12 Gbps is half of 24 Gbps which is approximately the total PCIe bandwidth for both ports simultaneously. It's a nice round number for illustrative purposes. I suppose the best example is a RAID 0 of two NVMe devices, one connected to each port. RAID 0 is probably the best way to test total bandwidth unless you can find a benchmark that can send/receive to multiple devices at the same time and add them up. ATTO Disk Benchmark.app can do that without a RAID 0. There is an app called CL!ng.app that can measure bandwidth to/from a GPU but it doesn't have an option for multiple GPUs.
b. The DisplayPort part element (HBR) in these examples must be transmit only if, along with 12gbp/s PCIe transmit, the total transmit is 37gbp/s but there is no contibution ot the receiev total?
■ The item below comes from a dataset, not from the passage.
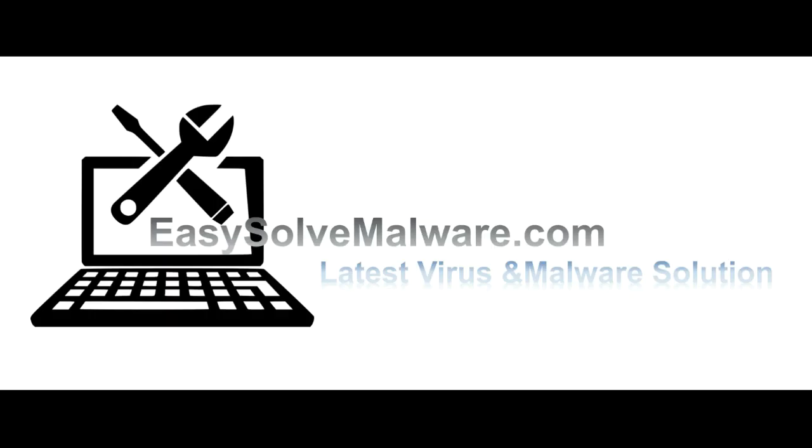That's all. Thank you for watching the video from EasySoftMalware.com. We hope it solved your problem.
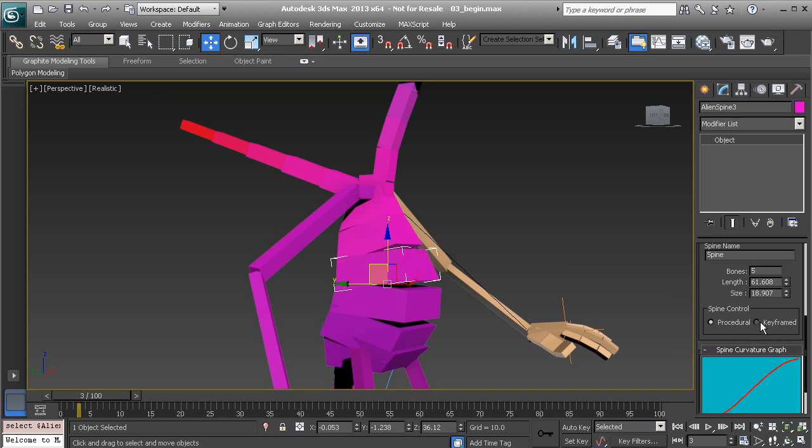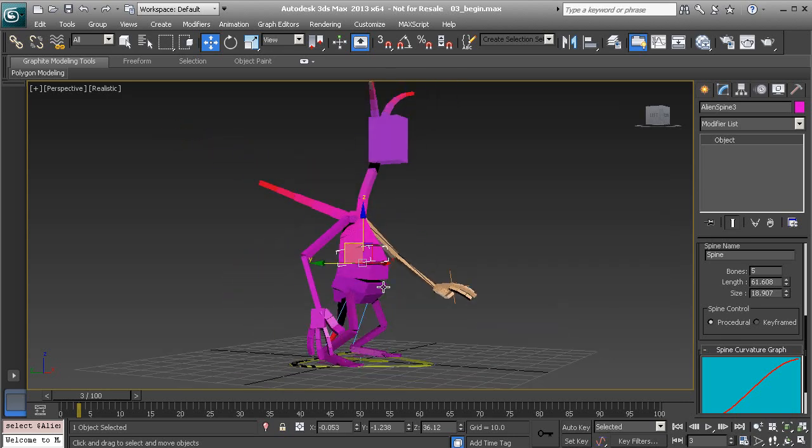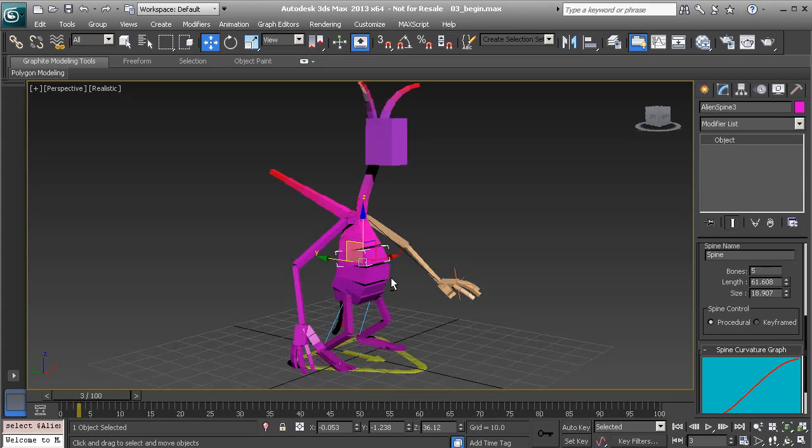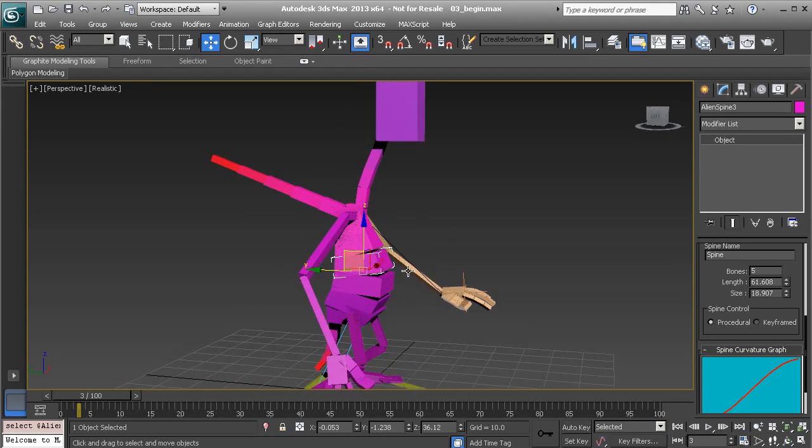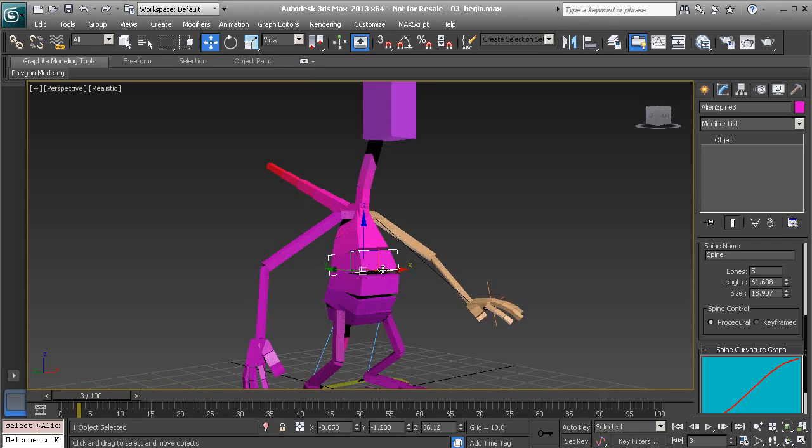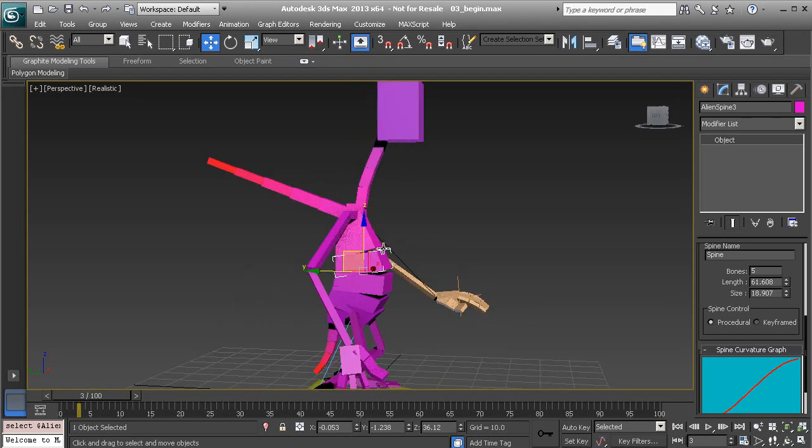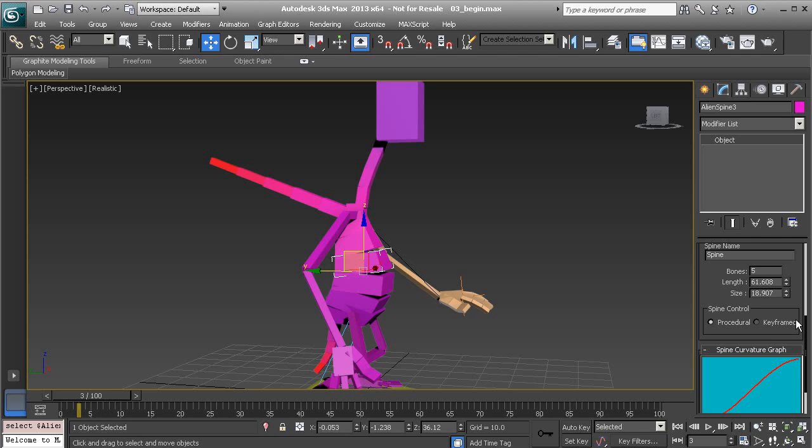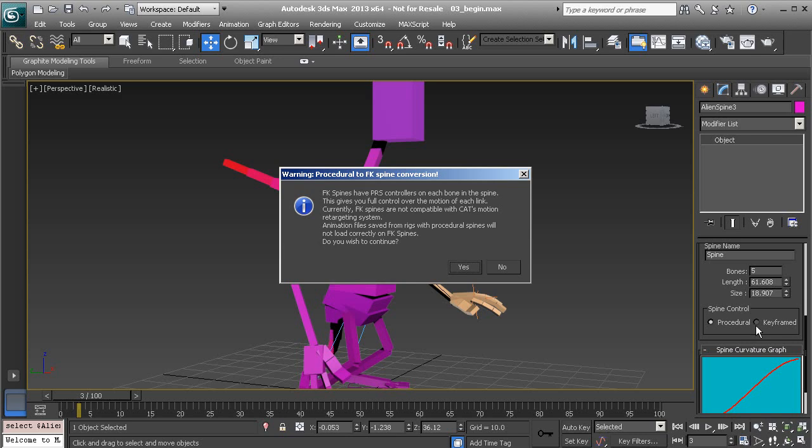Keep in mind, FK is slightly limited in that it doesn't work well with the cat motion system. Remember that automatic walk cycle that we saw, it doesn't quite work well when we are using that mode as well as retargeting. If you were to have to use the cat rig to retarget animation, it may not be ideal to work with an FK spine. We get a warning when we switch over to that, letting us know this is going to behave like an FK spine, however there are currently a few limitations.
Does this infer that where displays are concerned data is being only transmitted *to* the display, i.e. a display always receives a video signal but doesn't transmit any data it back in the opposite direction?
A display can transmit EDID and DPCD data but that's a very small amount of data and it doesn't happen often - mostly just when you connect the display. Maybe there's a vertical sync interrupt once per frame. Is horizontal sync interrupt possible?
5. Why is it that PCIe data limited to 22gbp/s over Thunderbolt 3 when the PCIe 3.0x4 protocol which TB3 uses, is capable of 32 gpb/s? I have read that this is to reserve bandwith for USB 3 gen 2 over Thunderbolt, which Intel guarantees as 10gbp/s? Would make sense.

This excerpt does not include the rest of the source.